„Kann ich ihn sehen?“ Es dauerte einige Sekundenbruchteilen bevor er die Worte, die ihn aus seinen Gedanken rissen, zuordnen konnte.
„Natürlich“, stammelte er. „Wie müssen sie sogar bitten, sich die Leiche anzusehen. Um ihn zu identifizieren. Noch wissen wir ja nicht mit hundertprozentiger Sicherheit, ob er es überhaupt ist“. War das noch nötig gewesen, war das fair hier nochmals Hoffnung zu schüren, obwohl sie sich mit dem Tod ihres Partners schon abgefunden zu haben schien? Schon wieder versemmelt?

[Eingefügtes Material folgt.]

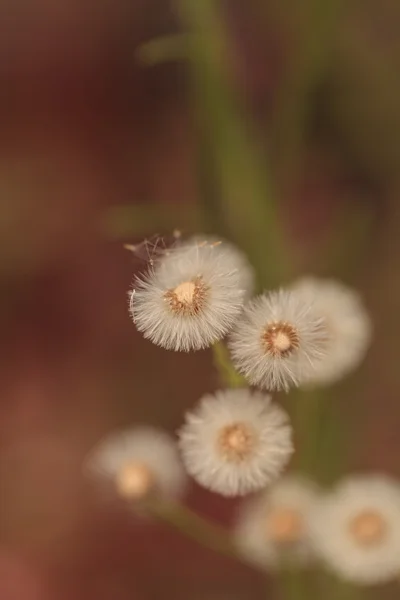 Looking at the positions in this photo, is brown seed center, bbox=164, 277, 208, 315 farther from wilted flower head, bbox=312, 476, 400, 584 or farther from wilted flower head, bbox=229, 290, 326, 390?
wilted flower head, bbox=312, 476, 400, 584

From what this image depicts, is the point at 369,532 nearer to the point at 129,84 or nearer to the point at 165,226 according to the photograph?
the point at 165,226

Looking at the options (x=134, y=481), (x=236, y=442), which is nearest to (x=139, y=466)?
(x=134, y=481)

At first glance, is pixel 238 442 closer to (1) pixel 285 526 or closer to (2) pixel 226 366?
(2) pixel 226 366

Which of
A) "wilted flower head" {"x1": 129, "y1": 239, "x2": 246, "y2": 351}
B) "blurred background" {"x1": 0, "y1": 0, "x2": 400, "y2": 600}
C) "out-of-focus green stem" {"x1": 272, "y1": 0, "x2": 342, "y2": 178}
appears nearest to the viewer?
"wilted flower head" {"x1": 129, "y1": 239, "x2": 246, "y2": 351}

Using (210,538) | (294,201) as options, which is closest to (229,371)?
(210,538)

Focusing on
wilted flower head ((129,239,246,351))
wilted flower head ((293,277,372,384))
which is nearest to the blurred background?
wilted flower head ((293,277,372,384))

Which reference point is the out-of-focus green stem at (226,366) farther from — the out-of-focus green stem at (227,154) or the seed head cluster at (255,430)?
the out-of-focus green stem at (227,154) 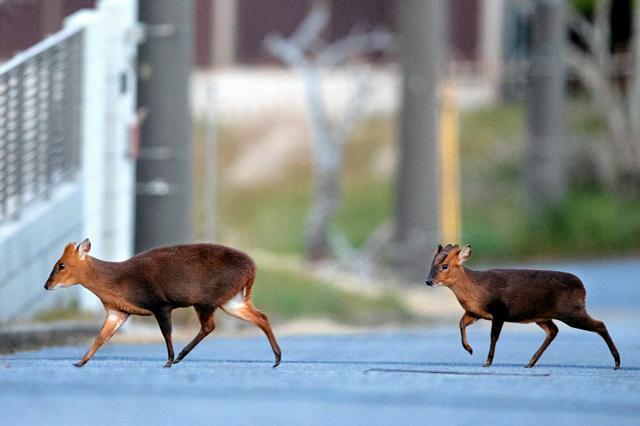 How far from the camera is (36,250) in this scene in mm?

„Wir bitten Sie, heute Nachmittag in die Gerichtsmedizin zu kommen. Wann würde es ihnen in etwa passen?“
„Er kann ja doch sprechen“, dachte Max Lohr sarkastisch, nachdem sich Hauptkommissar Strecker offenbar entschlossen hatte, sich doch noch an dem Gespräch zu beteiligen.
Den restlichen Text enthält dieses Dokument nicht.